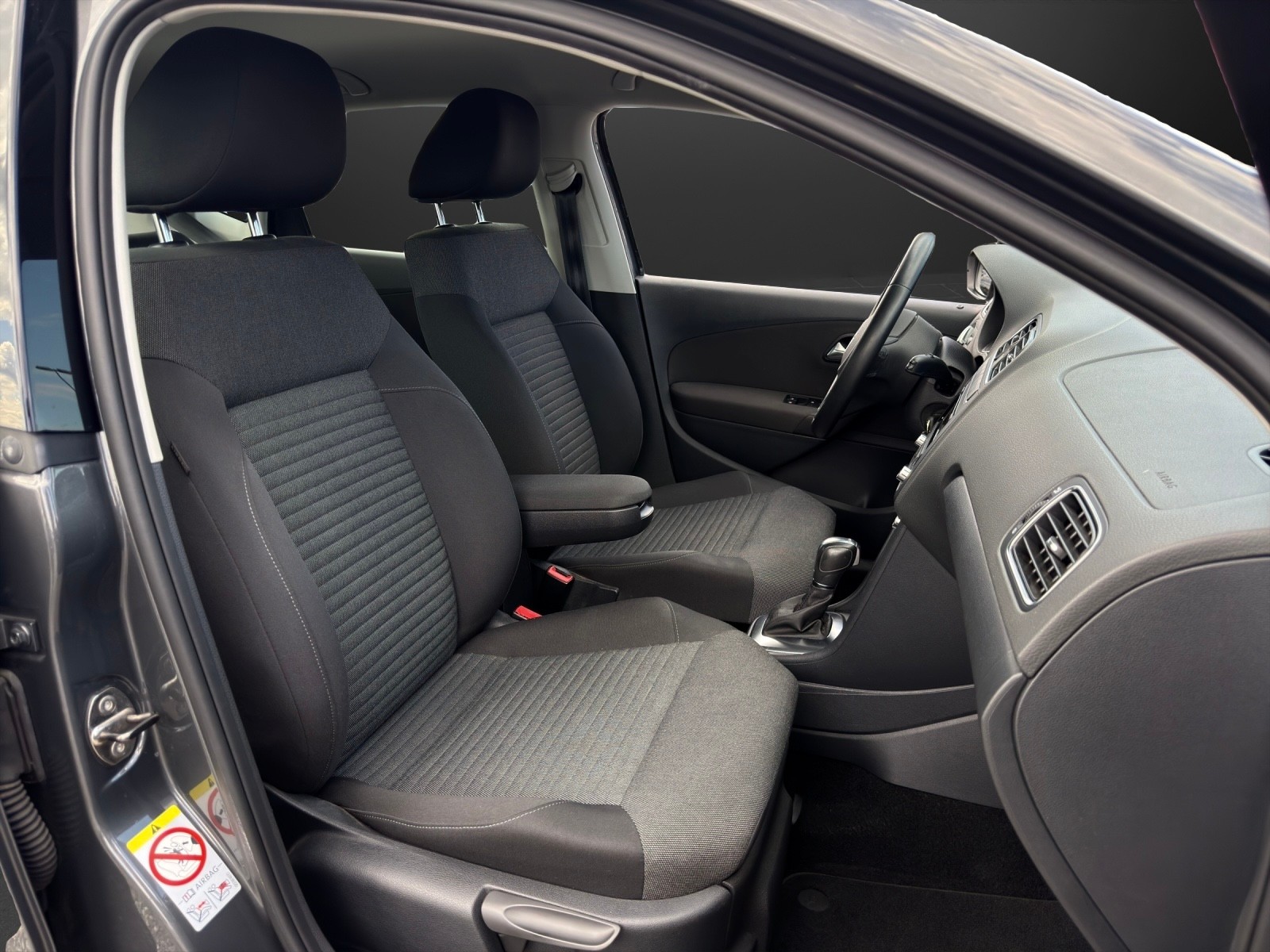 VW Polo 1.2 TSI Comfortline DSG mit 105 PS-image-8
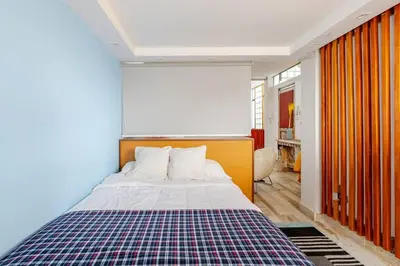 a bedroom with a bed and a bathroom with a tub at Loft abierto y moderno & Aire acondicionado in Lima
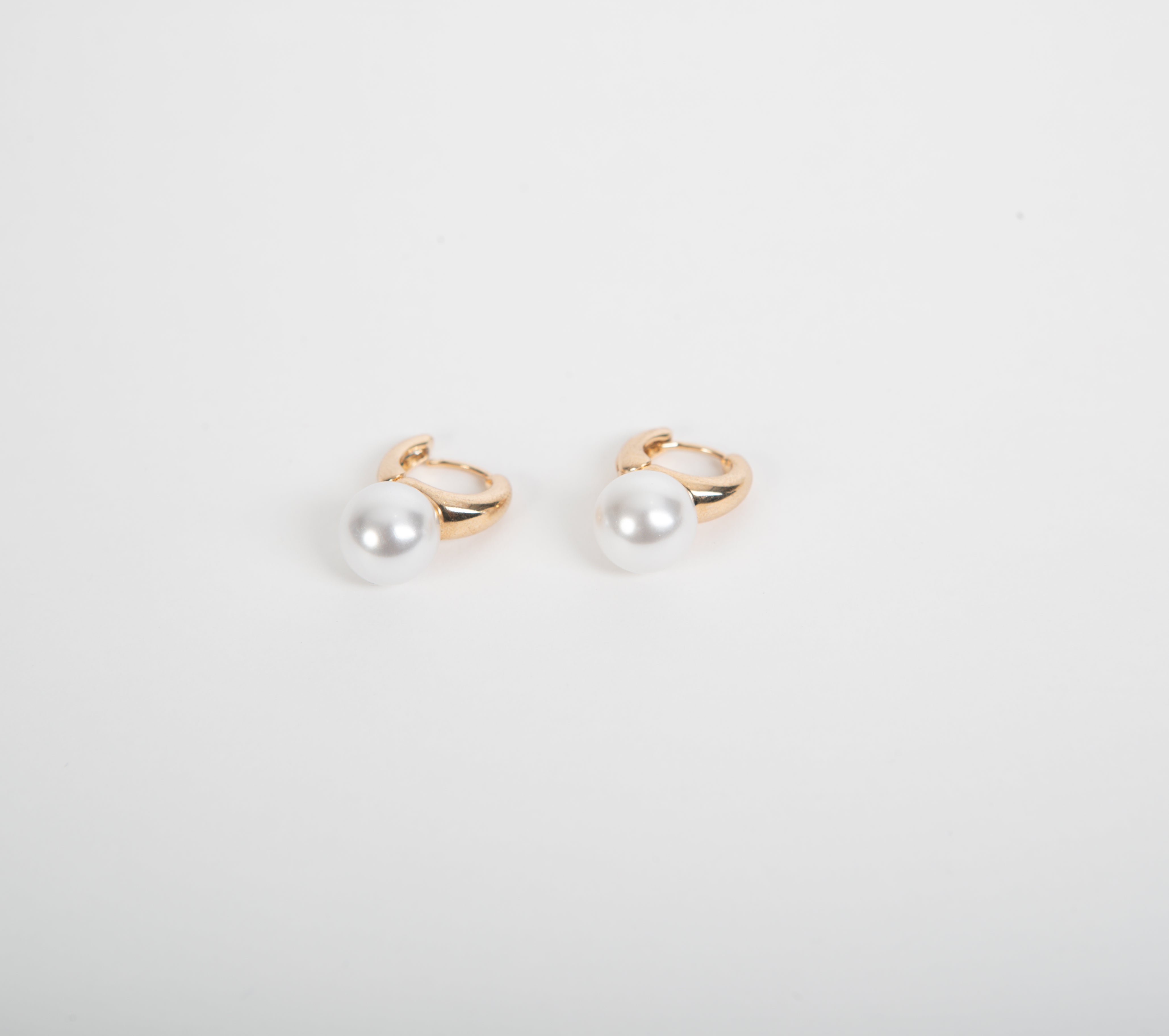 Dangle earrings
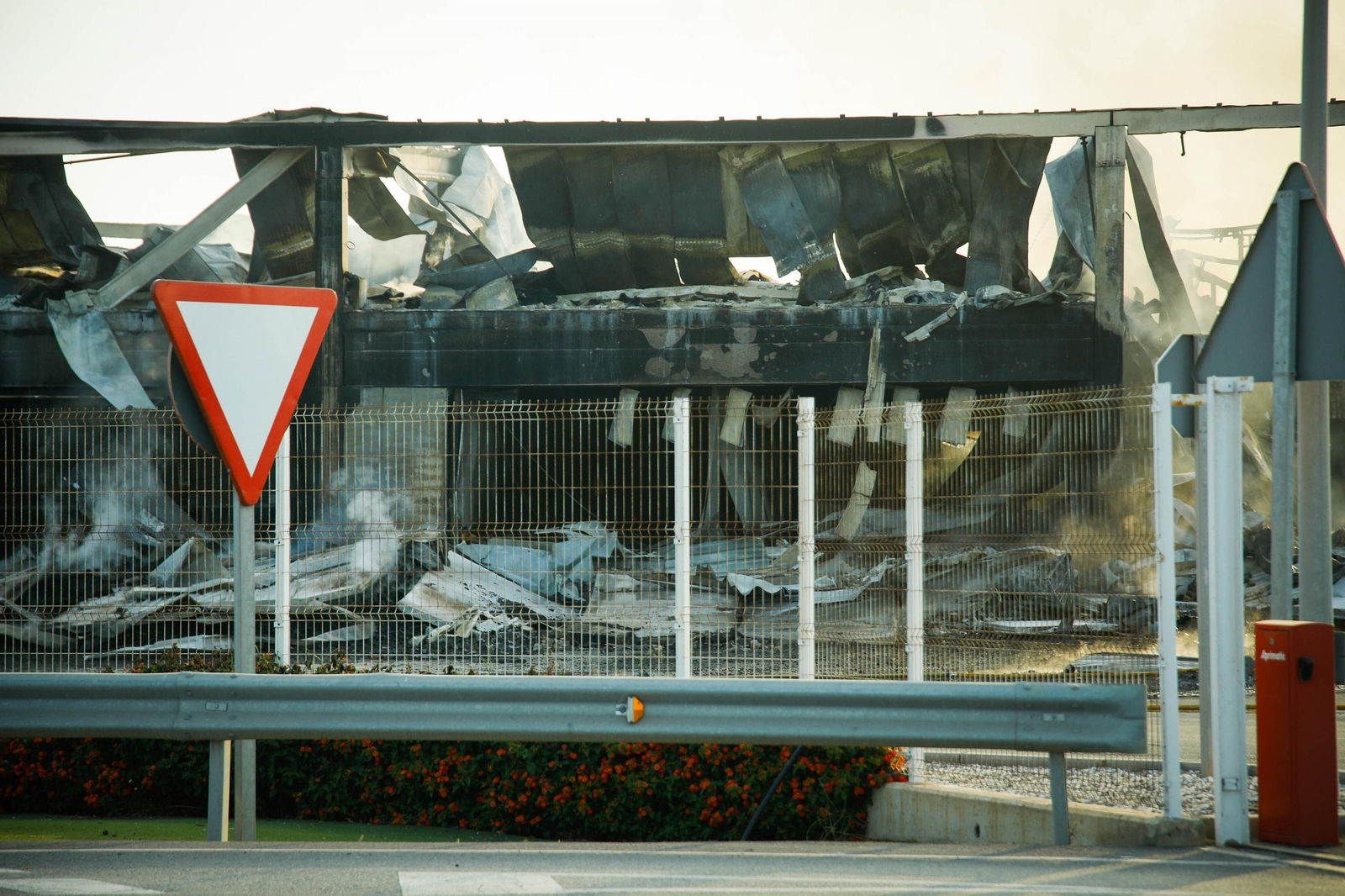El día después: así ha amanecido la nave calcinada de Mabe Hortofrutícola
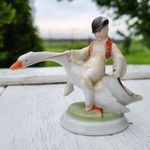 Art deco_Herendi porcelán_Lúdas Matyi_libás fiú_Lux Elek terve_kézzel festett fotó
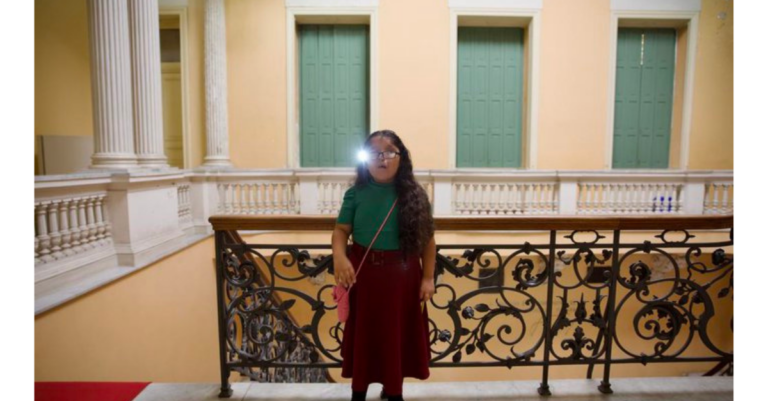 Óculos com IA ajudam crianças cegas a ler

____________________

## [Activity]
Give back the material exactly as written, images excluded.

## [Written answer]
 VW Polo 1.2 TSI Comfortline DSG mit 105 PS-image-8
 a bedroom with a bed and a bathroom with a tub at Loft abierto y moderno & Aire acondicionado in Lima
 Dangle earrings
El día después: así ha amanecido la nave calcinada de Mabe Hortofrutícola
 Art deco_Herendi porcelán_Lúdas Matyi_libás fiú_Lux Elek terve_kézzel festett fotó
 Óculos com IA ajudam crianças cegas a ler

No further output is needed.